Data:
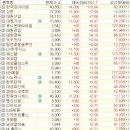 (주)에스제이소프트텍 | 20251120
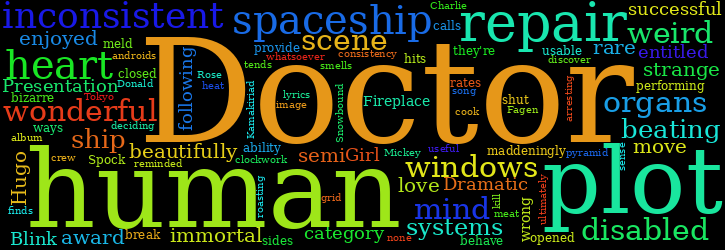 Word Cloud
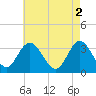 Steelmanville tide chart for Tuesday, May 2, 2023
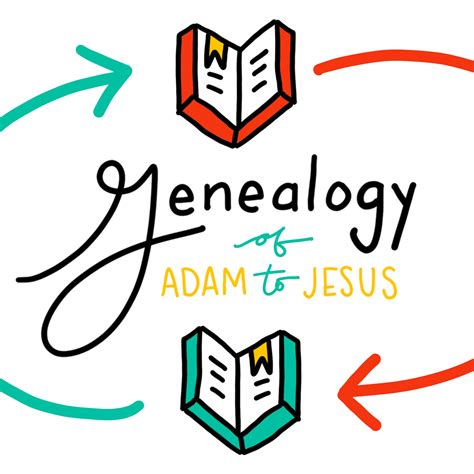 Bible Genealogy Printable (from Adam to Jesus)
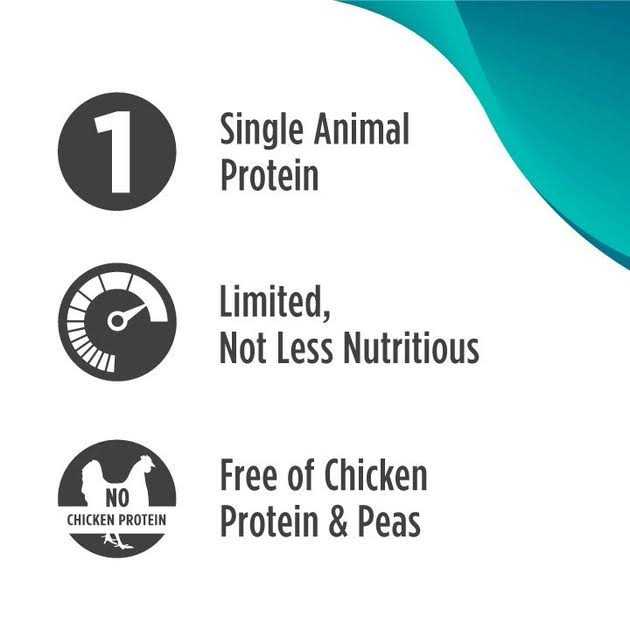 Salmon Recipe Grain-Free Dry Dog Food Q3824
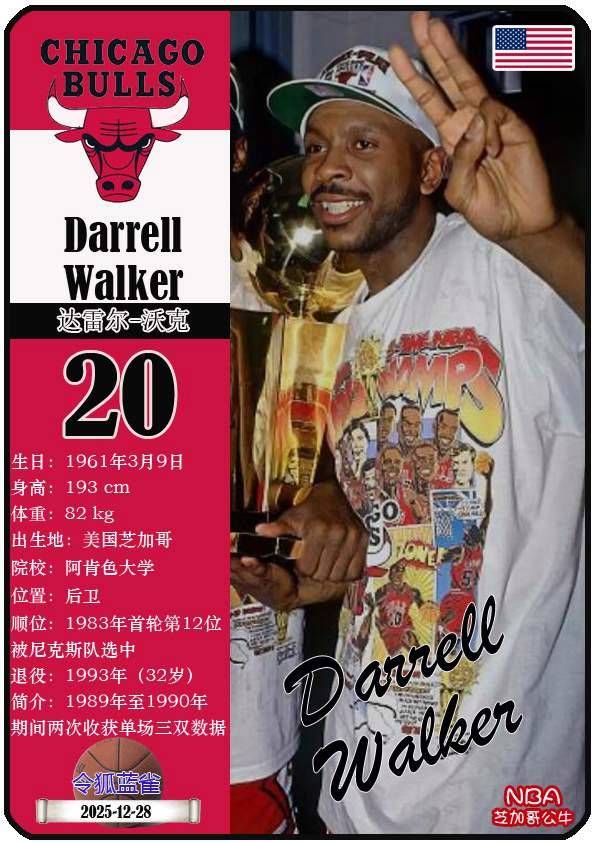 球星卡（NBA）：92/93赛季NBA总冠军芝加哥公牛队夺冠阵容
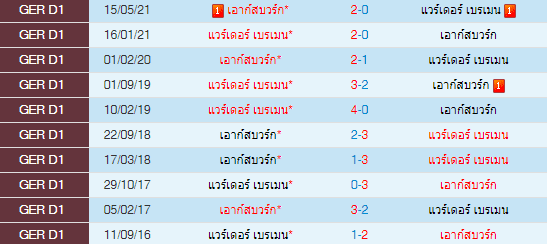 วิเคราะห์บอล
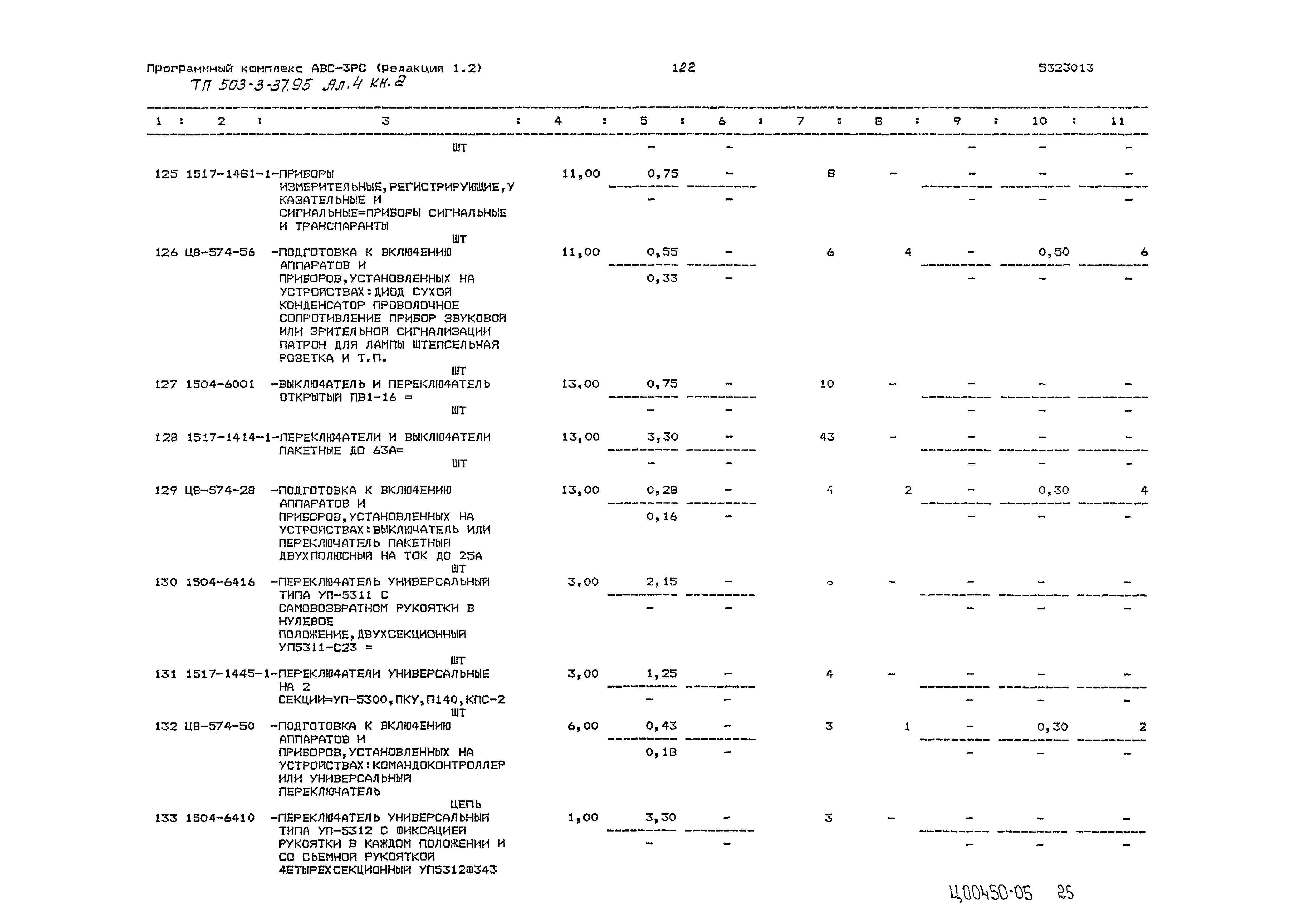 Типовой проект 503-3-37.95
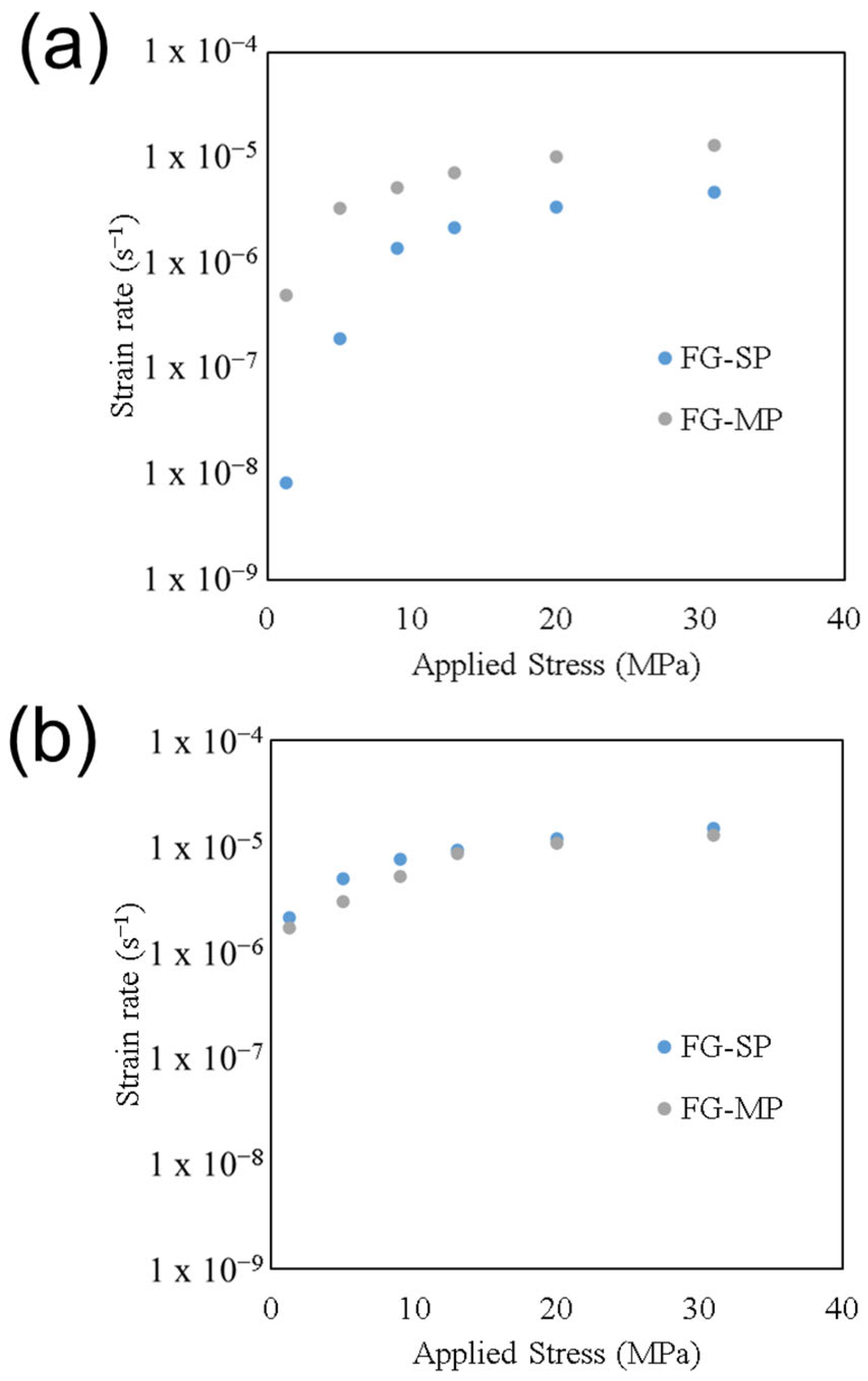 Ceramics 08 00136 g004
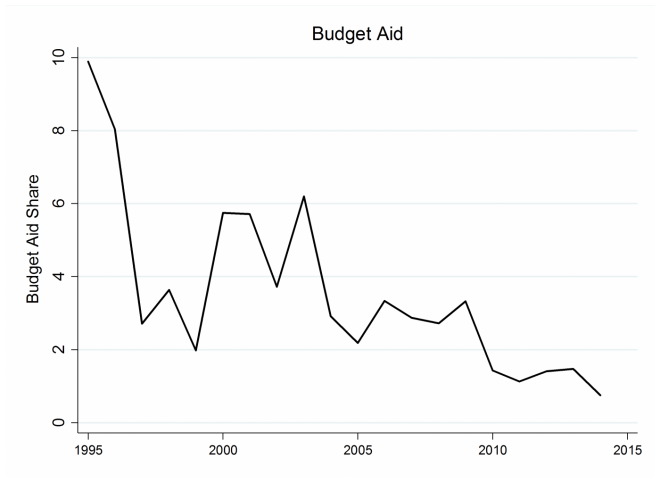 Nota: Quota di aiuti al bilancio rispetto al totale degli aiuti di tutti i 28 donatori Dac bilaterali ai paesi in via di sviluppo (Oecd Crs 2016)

Task prompt: Each line from the one containing "球星卡（NBA）：92/93赛季NBA总冠军芝加哥公牛队夺冠阵容" through the last line of the entries above is to be extracted exactly. Pictures are not part of the copy.

Answer section:
 球星卡（NBA）：92/93赛季NBA总冠军芝加哥公牛队夺冠阵容
 วิเคราะห์บอล
 Типовой проект 503-3-37.95
 Ceramics 08 00136 g004
 Nota: Quota di aiuti al bilancio rispetto al totale degli aiuti di tutti i 28 donatori Dac bilaterali ai paesi in via di sviluppo (Oecd Crs 2016)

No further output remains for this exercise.